Balanced the pacing of the meta progression, Achievements, and difficulty curves.
Tutorialisations based on explicit and implicit player needs.
Designed 30+ enemies with unique archetypes.
Created unique movesets for
12 bosses with multiplayer mechanics.
Designed and implemented
hundreds of weapons, upgrades, and modifications.
Designed 100+ encounters for dozens of different enemy types and bosses.
Made modular levels using level instances.
Set up level generation, navigation meshes, loot, and collision.
Additional Work
Writing & Localisation
I wrote the bulk of the text, including the narrative, UI, and in-game descriptions for enemies, player abilities, etc. I also managed communication with our external localisation partners.
Quality Assurance & Porting
The porting process included designing and implementing Achievements for all major platforms and setting up features such as controller rumble. I was additionally the point of contact between the development team and our outsourced QA/CQA teams, while also handling our internal testing.
Marketing
I made pitches for publishers, in which I presented the USP and gameplay loop. After we sealed the deal with our publisher, I also produced trailers and short-form content, amassing 1M+ views.
PROGRESSION
TUTORIAL
PLAYER CUSTOMISATION
Workbench
The Workbench is the first meta progression players are introduced to.
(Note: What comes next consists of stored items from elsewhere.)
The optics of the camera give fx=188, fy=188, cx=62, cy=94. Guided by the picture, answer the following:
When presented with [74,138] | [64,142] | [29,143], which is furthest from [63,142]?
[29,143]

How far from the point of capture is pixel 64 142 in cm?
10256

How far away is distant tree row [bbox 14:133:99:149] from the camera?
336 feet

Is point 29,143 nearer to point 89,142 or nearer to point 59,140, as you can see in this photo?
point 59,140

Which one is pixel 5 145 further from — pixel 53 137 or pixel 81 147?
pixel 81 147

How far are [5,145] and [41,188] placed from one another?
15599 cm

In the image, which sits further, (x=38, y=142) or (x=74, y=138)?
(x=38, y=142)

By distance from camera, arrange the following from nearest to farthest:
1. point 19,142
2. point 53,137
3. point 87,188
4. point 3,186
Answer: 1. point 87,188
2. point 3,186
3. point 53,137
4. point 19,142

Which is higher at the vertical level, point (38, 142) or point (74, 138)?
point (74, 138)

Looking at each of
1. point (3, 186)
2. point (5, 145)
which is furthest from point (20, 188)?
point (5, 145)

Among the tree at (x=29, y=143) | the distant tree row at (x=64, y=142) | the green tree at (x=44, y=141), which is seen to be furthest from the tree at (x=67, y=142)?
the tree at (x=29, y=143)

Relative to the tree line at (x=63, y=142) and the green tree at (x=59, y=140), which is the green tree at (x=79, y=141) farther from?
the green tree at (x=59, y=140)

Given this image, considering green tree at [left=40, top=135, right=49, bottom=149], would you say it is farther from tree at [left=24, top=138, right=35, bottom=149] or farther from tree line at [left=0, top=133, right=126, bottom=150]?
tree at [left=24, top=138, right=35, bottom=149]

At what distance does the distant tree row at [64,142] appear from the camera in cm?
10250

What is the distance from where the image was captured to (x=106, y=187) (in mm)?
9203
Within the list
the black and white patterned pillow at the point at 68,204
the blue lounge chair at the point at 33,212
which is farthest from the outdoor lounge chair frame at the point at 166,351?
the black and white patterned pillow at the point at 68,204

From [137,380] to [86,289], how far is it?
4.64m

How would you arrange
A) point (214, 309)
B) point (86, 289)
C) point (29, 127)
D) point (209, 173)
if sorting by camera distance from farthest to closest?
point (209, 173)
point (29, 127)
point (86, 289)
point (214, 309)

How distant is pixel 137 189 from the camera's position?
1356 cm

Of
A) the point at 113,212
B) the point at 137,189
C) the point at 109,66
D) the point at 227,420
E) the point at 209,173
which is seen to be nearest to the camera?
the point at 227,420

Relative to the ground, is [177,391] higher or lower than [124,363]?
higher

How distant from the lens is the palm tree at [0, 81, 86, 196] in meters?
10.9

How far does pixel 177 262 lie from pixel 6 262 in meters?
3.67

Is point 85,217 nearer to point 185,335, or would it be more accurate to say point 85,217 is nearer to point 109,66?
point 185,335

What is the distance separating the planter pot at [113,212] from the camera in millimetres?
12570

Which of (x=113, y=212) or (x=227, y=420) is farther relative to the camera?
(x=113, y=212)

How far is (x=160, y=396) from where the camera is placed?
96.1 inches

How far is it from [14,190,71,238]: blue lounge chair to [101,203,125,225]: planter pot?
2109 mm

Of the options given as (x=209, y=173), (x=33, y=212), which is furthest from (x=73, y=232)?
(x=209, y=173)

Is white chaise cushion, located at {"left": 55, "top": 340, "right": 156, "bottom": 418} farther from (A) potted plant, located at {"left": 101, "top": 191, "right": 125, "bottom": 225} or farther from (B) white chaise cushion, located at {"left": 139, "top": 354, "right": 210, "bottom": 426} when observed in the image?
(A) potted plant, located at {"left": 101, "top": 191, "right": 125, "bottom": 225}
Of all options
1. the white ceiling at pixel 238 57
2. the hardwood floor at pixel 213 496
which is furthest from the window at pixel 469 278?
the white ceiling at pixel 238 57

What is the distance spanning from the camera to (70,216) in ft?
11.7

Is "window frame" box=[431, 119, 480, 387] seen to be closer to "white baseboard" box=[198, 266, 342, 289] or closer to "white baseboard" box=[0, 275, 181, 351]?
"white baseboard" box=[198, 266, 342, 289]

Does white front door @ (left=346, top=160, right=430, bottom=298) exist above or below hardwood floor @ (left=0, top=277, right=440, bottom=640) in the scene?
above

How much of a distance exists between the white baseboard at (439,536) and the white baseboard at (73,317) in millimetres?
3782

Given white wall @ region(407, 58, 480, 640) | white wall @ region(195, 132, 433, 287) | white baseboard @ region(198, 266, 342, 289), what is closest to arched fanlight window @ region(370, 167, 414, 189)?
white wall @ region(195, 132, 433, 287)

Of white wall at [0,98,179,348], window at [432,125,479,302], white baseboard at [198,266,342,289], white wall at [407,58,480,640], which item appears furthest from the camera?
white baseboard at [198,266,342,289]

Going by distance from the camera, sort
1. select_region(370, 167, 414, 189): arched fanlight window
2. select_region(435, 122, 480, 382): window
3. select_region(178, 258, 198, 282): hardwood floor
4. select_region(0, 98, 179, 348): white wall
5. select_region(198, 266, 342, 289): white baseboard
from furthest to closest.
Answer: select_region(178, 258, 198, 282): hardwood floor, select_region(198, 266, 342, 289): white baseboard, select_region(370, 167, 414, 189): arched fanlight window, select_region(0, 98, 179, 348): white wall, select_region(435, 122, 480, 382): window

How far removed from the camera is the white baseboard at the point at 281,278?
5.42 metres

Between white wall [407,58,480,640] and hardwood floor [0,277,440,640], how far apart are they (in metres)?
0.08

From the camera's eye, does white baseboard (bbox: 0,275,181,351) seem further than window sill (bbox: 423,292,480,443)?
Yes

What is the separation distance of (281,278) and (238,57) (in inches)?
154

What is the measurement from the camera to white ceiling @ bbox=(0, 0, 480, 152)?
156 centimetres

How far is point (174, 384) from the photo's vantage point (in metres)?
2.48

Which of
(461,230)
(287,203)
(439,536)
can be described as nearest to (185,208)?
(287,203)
A new weapon can be looted after the tutorial, which acts as an implicit tutorial that introduces Achievements.
Purpose
The Workbench reduces the friction that randomness can cause in roguelikes by providing high player agency in the playstyle they want to pursue, be it by changing weapons, abilities, or mods.
Skill Tree
The Skill Tree (Soul Wheel) is a guaranteed unlock after the first run, with the first Skill introducing weapon upgrades for the next run.
Purpose
Skills are extrinsic rewards, motivating players to collect more currency to unlock new in-loop content and power.
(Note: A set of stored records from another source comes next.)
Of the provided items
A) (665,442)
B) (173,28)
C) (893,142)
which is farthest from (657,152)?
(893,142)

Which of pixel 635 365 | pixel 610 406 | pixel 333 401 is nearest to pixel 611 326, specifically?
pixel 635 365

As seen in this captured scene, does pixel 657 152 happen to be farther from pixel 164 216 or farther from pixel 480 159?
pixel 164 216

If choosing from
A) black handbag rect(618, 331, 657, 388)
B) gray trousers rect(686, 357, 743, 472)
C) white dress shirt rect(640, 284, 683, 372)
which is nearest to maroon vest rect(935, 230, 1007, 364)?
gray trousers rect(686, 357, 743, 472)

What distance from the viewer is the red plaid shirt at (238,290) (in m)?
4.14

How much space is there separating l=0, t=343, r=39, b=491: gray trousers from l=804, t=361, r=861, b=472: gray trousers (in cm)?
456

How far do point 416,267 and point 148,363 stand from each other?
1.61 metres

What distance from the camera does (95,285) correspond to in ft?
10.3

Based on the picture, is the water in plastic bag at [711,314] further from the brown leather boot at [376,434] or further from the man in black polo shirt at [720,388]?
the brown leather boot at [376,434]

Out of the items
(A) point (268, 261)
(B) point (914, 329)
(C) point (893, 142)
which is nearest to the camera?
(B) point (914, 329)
Players spend the most time outside of runs here, theorycrafting builds due to the limited slots available.
Difficulty Tree
The Difficulty Tree (Deep Water Tank) is the last meta progression players unlock, and they are told it's required for the True Ending.
Purpose
Each optional modifier increases friction by, e.g. adding time limits or more powerful enemies. While the in-loop rewards increase and new cosmetics can be unlocked, this system is primarily an intrinsic motivation where players progressively attain complete game mastery.
COMBAT
COMBAT TOOLS
Weapons
Apart from unique weapons that can be looted, such as the Tesla Gun and Disc Thrower, I also designed modifications that enable dozens of distinct playstyles and firing types for every weapon. Above is an example of just two of those modifications on the Engine Rifle.
Abilities
I designed and placed lootable abilities that players can find, each of which offers a new avenue of play. Examples include melee weapons, automatic turrets, and defensive auras.
Blessings
Completing encounters rewards players with Blessings, which were designed to be equipped on any part of the player's toolkit. Blessings with the Wind or Fire attunement will therefore play differently on a slow, but forceful, Anchor build compared to a fast Revolver build.
ENEMIES & BOSSES
Design
The moveset of each enemy was based on the enemy archetype, such as melee, ranged, tank, and support. Bosses were designed similarly to MMORPGs, where each boss mechanic has a specific tool that overcomes it, such as single/double jump, dash, or DPS checks. Each new boss was designed with unique multiplayer-specific abilities.
2D Prototype
Designing enemy movesets would be done first on either pen-and-paper or digitally on Miro. These prototypes would be the basis for in-engine prototypes.
3D Prototype
Each attack got an in-engine prototype using existing metrics and engine gizmos as part of the design document.
LEVEL DESIGN
ENCOUNTERS
DRAG SLIDER to compare blockout & art pass

Top-down map
Process
1. Ideation
Coming up with a theme, basing the direction on my level design moodboard and enemy movesets.
2. Paper Prototype
Making a digital top-down map in Miro with a grid for determining the scale and to easily adhere to the existing metrics.
3. Blockout
Importing the digital map as a guideline, then iterating based on the expected flow. Tech such as level generation, enemy spawns, etc., is also set up.
4. Level Art
I would do the first art pass, then hand the level over to the environment artists for a second pass. We would iterate before a final collision and polish pass.
Flow
Figure Eigths
Combat arenas do not have dead ends to keep the player in motion. Instead, they are built like looping race tracks, where players can switch between tracks.
Cover
Cover is sparse to incentivise movement as the primary defensive tool. However, to break the line of sight, pillars, railings, and differences in verticality can be used as protection from aerial attacks or as partial cover.
Mastery
Increasing Friction
New areas should initially feel daunting due to increasing complexity in navigating and unknown hazards.
Decreasing Friction
After learning the layout of a combat space, players can kite enemies toward holes to push them down or quickly reach vantage points.
TRAVERSAL
Modular
Building-blocks
Spaces are built from modular pieces, enabling fast iteration and deep variety by switching out level instances.
Dynamically Generated
When the level generation won't allow certain rooms to fit together, transition spaces seamlessly load in to connect them.
Lower Tension
Safe Spaces
Non-combat spaces are short but regular, acting as introductions to new areas and as moments of respite.
Rewarding Progress
Loot appears between combat encounters so that players can safely strategise about what upgrades to get without stressing over enemies they might have missed.